Monday, January 3, 2011

What Adam Smith really believed.


Market Man

What did Adam Smith really believe?

1776 was a good year for big ideas, a rare thing. It was also a big year for good ideas, an even rarer one. Our own big-deal Declaration was, in its way, the small pugnacious summary of Enlightenment ideas that had reached their apex that winter, in London. In February, Edward Gibbon published the first volume of “The Decline and Fall of the Roman Empire,” which included the hymn to Roman republican virtues and the great chapter explaining the rise of Christianity in terms of men, not miracles. Then, a month later, his friend Adam Smith published his big book, “The Wealth of Nations,” which put an end to any attempted defense of the mercantile system of colonial dependence on a mother country.

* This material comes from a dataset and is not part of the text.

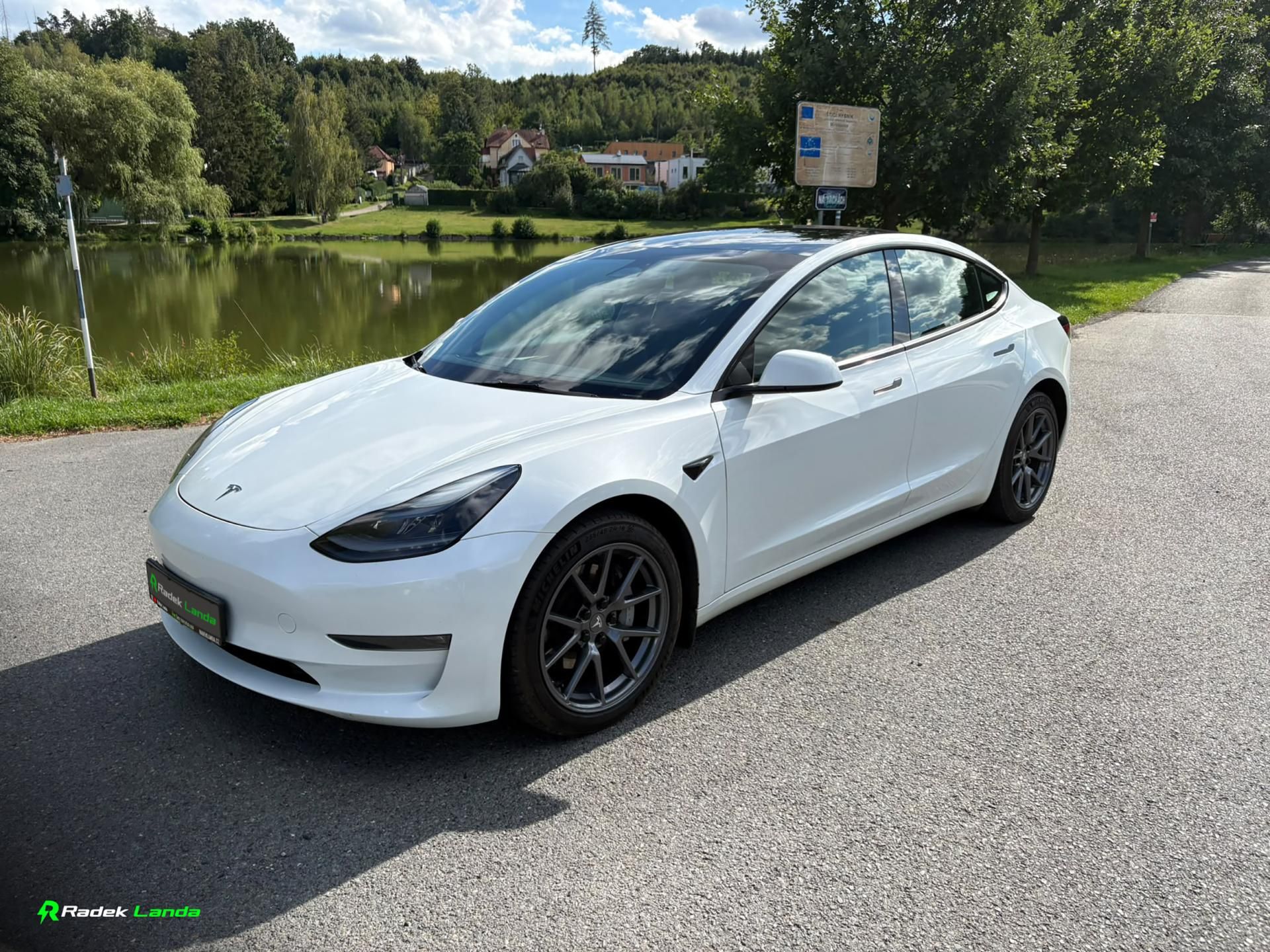 Tesla Model 3, AWD, Tažné, Neplátce - fotka 3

Classics of English prose, Gibbon’s and Smith’s books don’t just belong to the history of ideas; they helped establish the ideas of history and economics. Gibbon’s is still a model of the tone with which truly enlightened history is written; Smith’s is still the best account of the foundations of market economics. Why do classical economists believe that free trade is good for everyone? Why does the amount of gold kept in the treasury not make much difference to a country’s wealth? Why don’t better machines for making pins eliminate jobs for good, instead of making more jobs of another kind? Why, for that matter, does it not matter whether we’re productive in farming or manufacturing so long as we’re productive? What does productivity even mean? Complex ideas-the division of labor, the advantages of trade—become lucid to the non-economist for the first, and perhaps last, time.